### [YOUR GOAL]
Repeat verbatim, and only, the lines of the data below, beginning at the line that contains "В Унече активисты" and stopping after the line that contains "Alquiler Departamento 3".

### [Collected data entries]
++++++++
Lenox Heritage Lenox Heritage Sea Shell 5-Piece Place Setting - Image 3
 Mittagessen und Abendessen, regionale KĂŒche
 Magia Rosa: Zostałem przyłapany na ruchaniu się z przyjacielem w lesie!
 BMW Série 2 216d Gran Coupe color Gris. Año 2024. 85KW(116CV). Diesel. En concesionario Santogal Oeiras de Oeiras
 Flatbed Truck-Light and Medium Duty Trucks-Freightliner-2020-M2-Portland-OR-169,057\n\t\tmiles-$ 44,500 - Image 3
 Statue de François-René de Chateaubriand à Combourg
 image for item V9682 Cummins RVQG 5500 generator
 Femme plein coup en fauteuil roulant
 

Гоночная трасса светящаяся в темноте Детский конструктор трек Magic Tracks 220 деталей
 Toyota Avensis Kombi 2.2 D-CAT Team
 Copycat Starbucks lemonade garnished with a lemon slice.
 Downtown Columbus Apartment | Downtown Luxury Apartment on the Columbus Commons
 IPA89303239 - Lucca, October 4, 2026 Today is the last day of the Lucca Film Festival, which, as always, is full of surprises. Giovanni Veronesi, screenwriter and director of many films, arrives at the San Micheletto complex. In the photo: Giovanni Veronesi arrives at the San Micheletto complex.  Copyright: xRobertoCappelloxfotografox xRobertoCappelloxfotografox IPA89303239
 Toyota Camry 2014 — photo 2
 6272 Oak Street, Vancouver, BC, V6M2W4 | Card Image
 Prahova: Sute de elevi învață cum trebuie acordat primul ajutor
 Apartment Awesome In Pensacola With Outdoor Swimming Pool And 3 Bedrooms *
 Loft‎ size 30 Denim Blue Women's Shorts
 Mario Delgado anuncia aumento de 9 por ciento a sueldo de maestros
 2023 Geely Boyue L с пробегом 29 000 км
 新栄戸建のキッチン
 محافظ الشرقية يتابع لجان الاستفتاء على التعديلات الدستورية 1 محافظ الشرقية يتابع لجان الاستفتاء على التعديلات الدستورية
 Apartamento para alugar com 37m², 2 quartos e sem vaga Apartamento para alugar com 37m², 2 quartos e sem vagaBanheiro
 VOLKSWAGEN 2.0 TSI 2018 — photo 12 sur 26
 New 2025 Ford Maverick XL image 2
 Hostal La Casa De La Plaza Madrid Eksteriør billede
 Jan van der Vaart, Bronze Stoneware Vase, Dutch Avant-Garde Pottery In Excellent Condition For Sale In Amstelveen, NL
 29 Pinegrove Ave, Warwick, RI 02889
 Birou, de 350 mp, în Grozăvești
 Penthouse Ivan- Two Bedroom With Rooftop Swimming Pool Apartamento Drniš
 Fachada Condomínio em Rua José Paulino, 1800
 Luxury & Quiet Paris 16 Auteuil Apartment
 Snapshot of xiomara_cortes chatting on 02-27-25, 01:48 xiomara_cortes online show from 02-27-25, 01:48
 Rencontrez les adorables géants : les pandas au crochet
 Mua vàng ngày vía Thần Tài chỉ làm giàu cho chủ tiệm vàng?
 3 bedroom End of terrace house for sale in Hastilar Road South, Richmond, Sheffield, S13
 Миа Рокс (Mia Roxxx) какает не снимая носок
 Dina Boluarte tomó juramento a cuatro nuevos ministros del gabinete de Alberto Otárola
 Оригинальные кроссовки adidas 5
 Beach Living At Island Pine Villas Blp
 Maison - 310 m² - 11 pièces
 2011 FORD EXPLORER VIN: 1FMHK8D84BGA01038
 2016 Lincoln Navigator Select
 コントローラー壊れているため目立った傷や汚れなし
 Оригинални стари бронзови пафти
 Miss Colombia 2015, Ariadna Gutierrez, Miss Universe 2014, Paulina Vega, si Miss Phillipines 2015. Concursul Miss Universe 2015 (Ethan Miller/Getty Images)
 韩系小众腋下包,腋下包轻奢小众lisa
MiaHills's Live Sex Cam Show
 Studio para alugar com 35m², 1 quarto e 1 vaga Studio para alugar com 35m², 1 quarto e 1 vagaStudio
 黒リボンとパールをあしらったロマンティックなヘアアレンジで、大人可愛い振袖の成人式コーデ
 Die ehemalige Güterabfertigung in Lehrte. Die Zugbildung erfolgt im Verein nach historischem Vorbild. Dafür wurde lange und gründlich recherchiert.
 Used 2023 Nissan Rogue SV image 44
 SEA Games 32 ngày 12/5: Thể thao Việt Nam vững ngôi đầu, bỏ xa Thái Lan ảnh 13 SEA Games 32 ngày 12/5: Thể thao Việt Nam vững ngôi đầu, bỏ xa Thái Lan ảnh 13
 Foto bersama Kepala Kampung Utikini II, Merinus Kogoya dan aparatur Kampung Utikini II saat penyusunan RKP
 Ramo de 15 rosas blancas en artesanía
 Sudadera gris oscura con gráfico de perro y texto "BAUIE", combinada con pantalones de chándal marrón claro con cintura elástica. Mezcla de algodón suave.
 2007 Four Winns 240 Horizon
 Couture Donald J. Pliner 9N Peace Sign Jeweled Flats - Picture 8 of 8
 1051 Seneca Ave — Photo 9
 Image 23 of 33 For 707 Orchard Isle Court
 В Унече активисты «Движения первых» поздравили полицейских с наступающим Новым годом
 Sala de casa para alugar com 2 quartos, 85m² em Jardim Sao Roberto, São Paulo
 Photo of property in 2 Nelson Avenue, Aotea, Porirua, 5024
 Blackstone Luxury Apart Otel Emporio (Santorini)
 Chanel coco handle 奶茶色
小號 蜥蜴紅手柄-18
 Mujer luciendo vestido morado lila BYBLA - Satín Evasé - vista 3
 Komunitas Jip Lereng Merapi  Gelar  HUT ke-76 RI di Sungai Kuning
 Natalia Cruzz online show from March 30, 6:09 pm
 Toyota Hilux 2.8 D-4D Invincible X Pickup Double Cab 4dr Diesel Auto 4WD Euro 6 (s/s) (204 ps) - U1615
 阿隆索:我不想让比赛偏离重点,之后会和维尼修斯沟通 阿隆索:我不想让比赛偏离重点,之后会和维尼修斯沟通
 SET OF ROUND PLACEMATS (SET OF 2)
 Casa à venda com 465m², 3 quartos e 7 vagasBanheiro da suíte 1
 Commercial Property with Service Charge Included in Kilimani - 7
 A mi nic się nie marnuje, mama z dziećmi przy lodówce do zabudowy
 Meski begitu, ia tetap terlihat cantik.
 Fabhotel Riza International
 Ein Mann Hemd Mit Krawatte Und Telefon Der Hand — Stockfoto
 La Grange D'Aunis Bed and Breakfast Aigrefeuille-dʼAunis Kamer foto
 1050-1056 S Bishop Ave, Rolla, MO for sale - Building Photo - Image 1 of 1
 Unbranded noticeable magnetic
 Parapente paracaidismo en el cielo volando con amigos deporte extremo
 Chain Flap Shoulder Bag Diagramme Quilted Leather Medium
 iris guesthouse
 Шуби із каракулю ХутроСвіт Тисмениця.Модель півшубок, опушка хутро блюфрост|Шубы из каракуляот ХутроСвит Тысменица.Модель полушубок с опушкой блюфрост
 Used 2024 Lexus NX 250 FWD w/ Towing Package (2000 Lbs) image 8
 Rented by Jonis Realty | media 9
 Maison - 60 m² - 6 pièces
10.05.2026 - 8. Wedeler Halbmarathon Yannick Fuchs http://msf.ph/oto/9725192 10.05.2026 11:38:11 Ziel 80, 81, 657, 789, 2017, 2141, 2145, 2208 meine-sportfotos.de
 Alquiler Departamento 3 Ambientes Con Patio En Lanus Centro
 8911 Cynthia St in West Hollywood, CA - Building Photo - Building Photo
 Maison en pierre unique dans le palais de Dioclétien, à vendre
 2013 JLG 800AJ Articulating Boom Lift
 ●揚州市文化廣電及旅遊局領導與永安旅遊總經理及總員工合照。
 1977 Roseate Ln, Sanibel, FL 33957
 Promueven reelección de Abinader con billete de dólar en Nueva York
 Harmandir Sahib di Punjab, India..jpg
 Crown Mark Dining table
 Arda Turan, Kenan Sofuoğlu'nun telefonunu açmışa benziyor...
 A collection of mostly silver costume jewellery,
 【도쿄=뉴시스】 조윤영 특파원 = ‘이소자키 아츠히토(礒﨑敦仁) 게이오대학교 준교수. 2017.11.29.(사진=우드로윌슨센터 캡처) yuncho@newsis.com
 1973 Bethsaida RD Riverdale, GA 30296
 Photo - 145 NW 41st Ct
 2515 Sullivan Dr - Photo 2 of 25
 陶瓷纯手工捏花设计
++++++++
### [SOLUTION TO THE PROBLEM]
 В Унече активисты «Движения первых» поздравили полицейских с наступающим Новым годом
 Sala de casa para alugar com 2 quartos, 85m² em Jardim Sao Roberto, São Paulo
 Photo of property in 2 Nelson Avenue, Aotea, Porirua, 5024
 Blackstone Luxury Apart Otel Emporio (Santorini)
 Chanel coco handle 奶茶色
小號 蜥蜴紅手柄-18
 Mujer luciendo vestido morado lila BYBLA - Satín Evasé - vista 3
 Komunitas Jip Lereng Merapi  Gelar  HUT ke-76 RI di Sungai Kuning
 Natalia Cruzz online show from March 30, 6:09 pm
 Toyota Hilux 2.8 D-4D Invincible X Pickup Double Cab 4dr Diesel Auto 4WD Euro 6 (s/s) (204 ps) - U1615
 阿隆索:我不想让比赛偏离重点,之后会和维尼修斯沟通 阿隆索:我不想让比赛偏离重点,之后会和维尼修斯沟通
 SET OF ROUND PLACEMATS (SET OF 2)
 Casa à venda com 465m², 3 quartos e 7 vagasBanheiro da suíte 1
 Commercial Property with Service Charge Included in Kilimani - 7
 A mi nic się nie marnuje, mama z dziećmi przy lodówce do zabudowy
 Meski begitu, ia tetap terlihat cantik.
 Fabhotel Riza International
 Ein Mann Hemd Mit Krawatte Und Telefon Der Hand — Stockfoto
 La Grange D'Aunis Bed and Breakfast Aigrefeuille-dʼAunis Kamer foto
 1050-1056 S Bishop Ave, Rolla, MO for sale - Building Photo - Image 1 of 1
 Unbranded noticeable magnetic
 Parapente paracaidismo en el cielo volando con amigos deporte extremo
 Chain Flap Shoulder Bag Diagramme Quilted Leather Medium
 iris guesthouse
 Шуби із каракулю ХутроСвіт Тисмениця.Модель півшубок, опушка хутро блюфрост|Шубы из каракуляот ХутроСвит Тысменица.Модель полушубок с опушкой блюфрост
 Used 2024 Lexus NX 250 FWD w/ Towing Package (2000 Lbs) image 8
 Rented by Jonis Realty | media 9
 Maison - 60 m² - 6 pièces
10.05.2026 - 8. Wedeler Halbmarathon Yannick Fuchs http://msf.ph/oto/9725192 10.05.2026 11:38:11 Ziel 80, 81, 657, 789, 2017, 2141, 2145, 2208 meine-sportfotos.de
 Alquiler Departamento 3 Ambientes Con Patio En Lanus Centro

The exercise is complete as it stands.